On s'en veut. On s'en mord les doigts. Mais à présent il est trop tard. Il n'y a pas à revenir là-dessus. Rien ne sera plus comme avant : on a vu. Et depuis, ça nous regarde. Et même, ça nous regarde étrangement, avec insistance, comme lémure perché sur le corps renversé de la jeune-femme dans Le cauchemar, ce tableau de Johann Henrich Füessli. Ca nous regarde, et l'on se sent surpris, piégé, honteux d'avoir été vu voyant, témoin d'une scène archaïque qui - comme l'on dit - ne nous regardait pas.
Qu'avons-nous donc de commun avec le pandémonium de Bernard Le Nen? Pourquoi nous regardent-ils de travers, ces homoncules mal léchés, avortons affairés ou décérébrés, nés des envies capricieuses d'accouplement hors nature, s'auto engendrant dans des parturitions monstrueuses. Que nous disent ces bouches ouvertes, aphasiques, d'où s'élancent des langues dardées et bien pendues, furetant démesurément et sans vergogne à la recherche d'un orifice complice susceptible de les accueillir? Que nous veulent ces membres autonomes, moignons griffus et lascifs qui cherchent à nous saisir et à nous retenir ?

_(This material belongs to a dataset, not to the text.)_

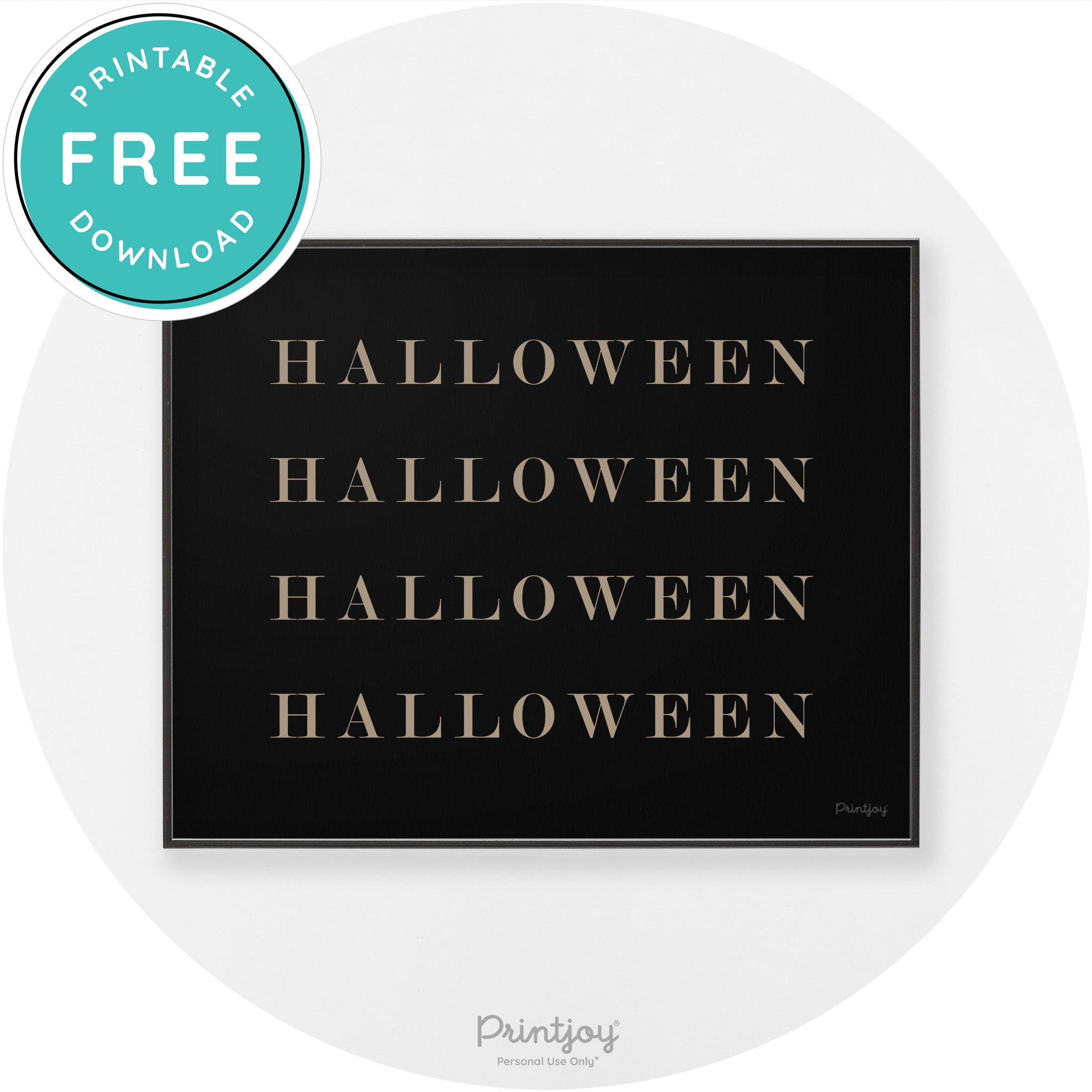 Halloween Cute Pattern Modern Chic Wall Art Decor Printable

S'il eût vécu au XIIème siècle, nul doute que Bernard Le Nen eût sculpté comme Gislebertus le fit, les chapiteaux de Saint-Lazare d'Autun (La luxure, l'Homme chevauchant un oiseau, ou bien encore Faune et sirène). Peut-être même eût-on pu lui attribuer Les Curieux du tympan de l'abbatiale de Conques ou même L'Oiseau tricéphale qui veille sur les colonnes du portail principal de Vézelay. Le XIVème siècle l'aurait trouvé partie prenante des hérétiques du mouvement des Frères et des Sœurs du Libre-Esprit, et le XVème travaillant en compagnie de Hieronymus Bosch à la réalisation du Royaume millénaire.
Mais Bernard Le Nen le ténébreux, peintre de retable, enlumineur du démoniaque, pourvoyeur de gnomes lippus et de succubes mélancoliques, est bien notre contemporain. Il nous entraîne à pas furtifs dans la forêt des origines et des peurs ancestrales. Et le grouillement des ténèbres, le foisonnement tératologique, le bestiaire fantastique qu'il dépeint font plus que nous cerner : ils nous habitent. Ses peurs, ses démons, ses chimères sont également les nôtres. N'attendez pas de la peinture de Bernard Le Nen qu'elle dissipe vos angoisses : elle lespeuple, les hante et les fait exsuder de l'inquiétante familiarité de nos propres fantasmes. C'est peut-être là que se situe Bernard Le Nen : sur la frange incertaine où se recouvrent les flux et les reflux du conscient et de l'inconscient, de l'humanité et de la bestialité, de l'intelligible et du sensible, du "rationnel" et du fantastique. Et son travail vient à point pour nous rappeler qu'image et magie ne sont qu'un seul et même mot.